I hate when she surfaces. Most times, I don’t even see her coming. She rears her ugly head and takes over in a hot second before I can fend her off. The moment is hers and the guilt, mine. Sometimes it’s like I’m having an out-of-body experience. I see her, parenting my child, and it hurts to watch. It hurts even more to know that it is me.
It’s not a secret I hold from anyone. I’ve let others in and shared bits and pieces of my experience with post-partum depression/anxiety. I’d say it began as PPD and morphed over time to anxiety. I’m not sure where to go back and draw that line, but it doesn’t even matter. It hurts me to even write the word depression down. I used to think I was above it. I pitied those who suffered, but quietly reassured myself that it wouldn’t happen to me. I’m a happy person. I’ve always been a happy person. I’m blessed in so many ways and I would never EVER have anything to be sad about, ESPECIALLY when getting to love on my newborn son. Needless to say, I was blindsided and flattened by the profound impact a slight chemical, hormonal imbalance would have on my life. This chapter of my life stripped me of everything I once knew myself to be.

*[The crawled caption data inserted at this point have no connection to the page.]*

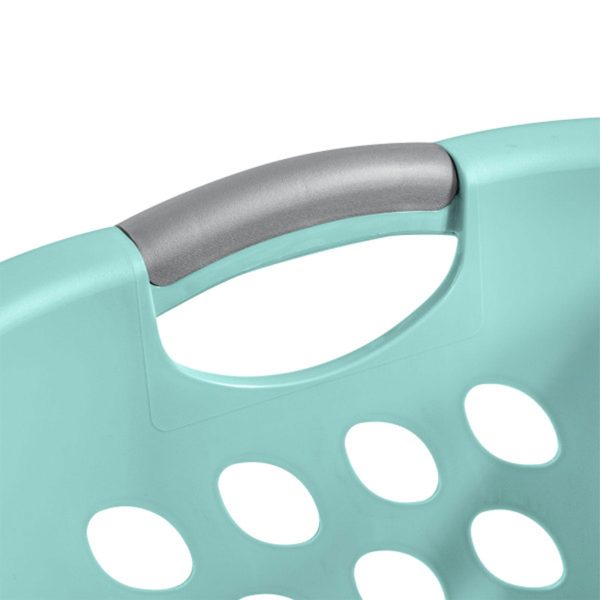 1.25 Bushel Plastic Clothes Laundry Basket (6 Pack)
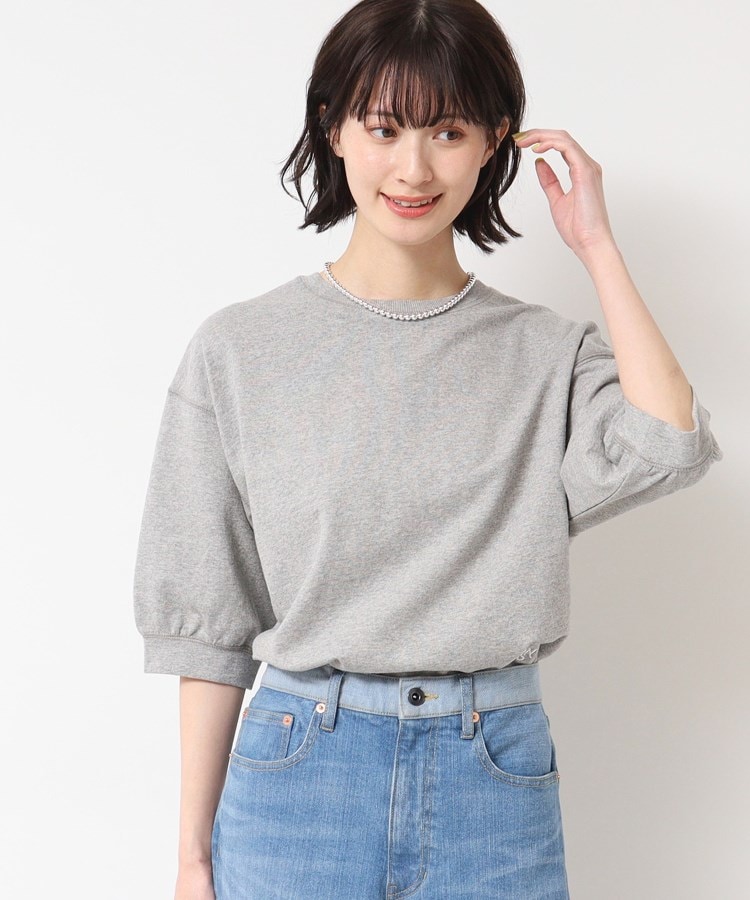 デッサン(レディース)(Dessin(Ladies))の【360度可愛い・洗える】バックヘンリーカットソー（5分袖/XS～L）12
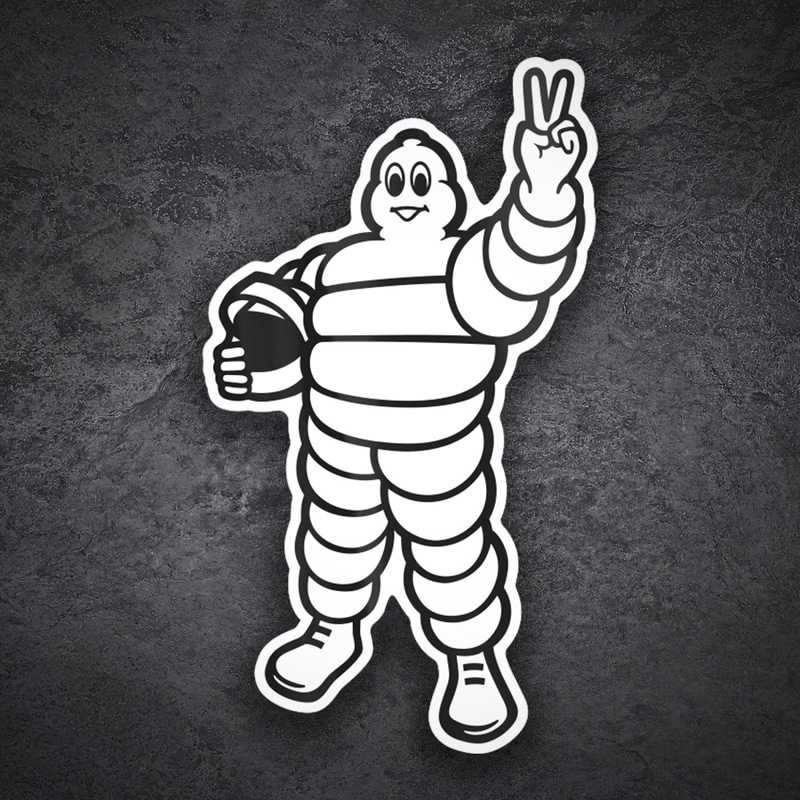 Aufkleber: Michelin Sieg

I couldn’t tell up form down on certain days. I drove myself mad digging for bits and pieces of the “old Molly” so that I could cling to something and slowly work my way back. It took a long, long time to learn what my trigger was (is). It is Sleep.
Sleep deprivation is no joke. Ask someone who’s been through a military grade survival school, a deployment, a colicky newborn…it’s no joke. I turn into a very ugly version of myself after days of insufficient sleep. I assure you that I can actually hang on pretty well with the bare minimum on a day to day basis. It’s what I do. What I am talking about here though, is seven, eight, nine days where all you have had are a couple naps between feedings, fevers, and crying. I’m talking about running on fumes and still holding down the fort. It wears on you. It wears on me in a really problematic way. I turn into her and I hate it.
As a military wife, I have a hard time being completely alone. The weight of it all, the worrying, the crying, the falling half asleep only to be wakened again…the needing, the wanting, the helplessness…It turns me into her. It turns me into the mom who loses her cool with her three year old who is being fresh. Afterwards, I can step back and acknowledge that it's more about me than him, but in those moments I see red.
I say the things I want to take back later. I shake and I cry and I let him see me in a way that I promise myself each time I’ll never reveal to him again. What does he do? He shakes and cries too. I'm crying even now as I type this...These moments are not what I want for my sweet boy, even when he’s not being sweet. I hate that she takes over so quickly and so fiercely. I go days, weeks, months without seeing her and then she rears her ugly head. I surrender to my cycle and beg God for forgiveness, asking for help, asking for a change, and then the next moment is upon me and I often fall short. Way short. What is wrong with me? I’ve tried to blame it on hormones, birth control, life situations, the works. SLEEP. I HATE that it’s sleep. I hate myself when I ask my son, my three year old son, to forgive me for yelling and he looks at me with the BIGGEST love in his eyes and smile on his face and tells me it’s OK and he loves me. The guilt is SO heavy in those moments that I almost cannot bear it.
When we know better we do better, so here I sit before you all giving you that much needed "me too" that we all need from time to time. The guilt gets us nowhere. I do know better, but sometimes, I don't do better and that has to be OK. It has to be OK that I am human and that I mess up. The trick is recognize your triggers and set up a system that works so that I can be the best mom and woman I know how to be. The trick is extending ourselves grace during this phase of our lives and its learning to treat ourselves as we would a friend. Motherhood is so hard. It's full of wonder and love and gratitude, but it is so damn hard. It's hard and it is OK that it is hard.
We just have to keep going knowing that this too will pass. One foot in front of the other, one day at a time, things will get easier. We just have to keep showing up. We just have to keep trying.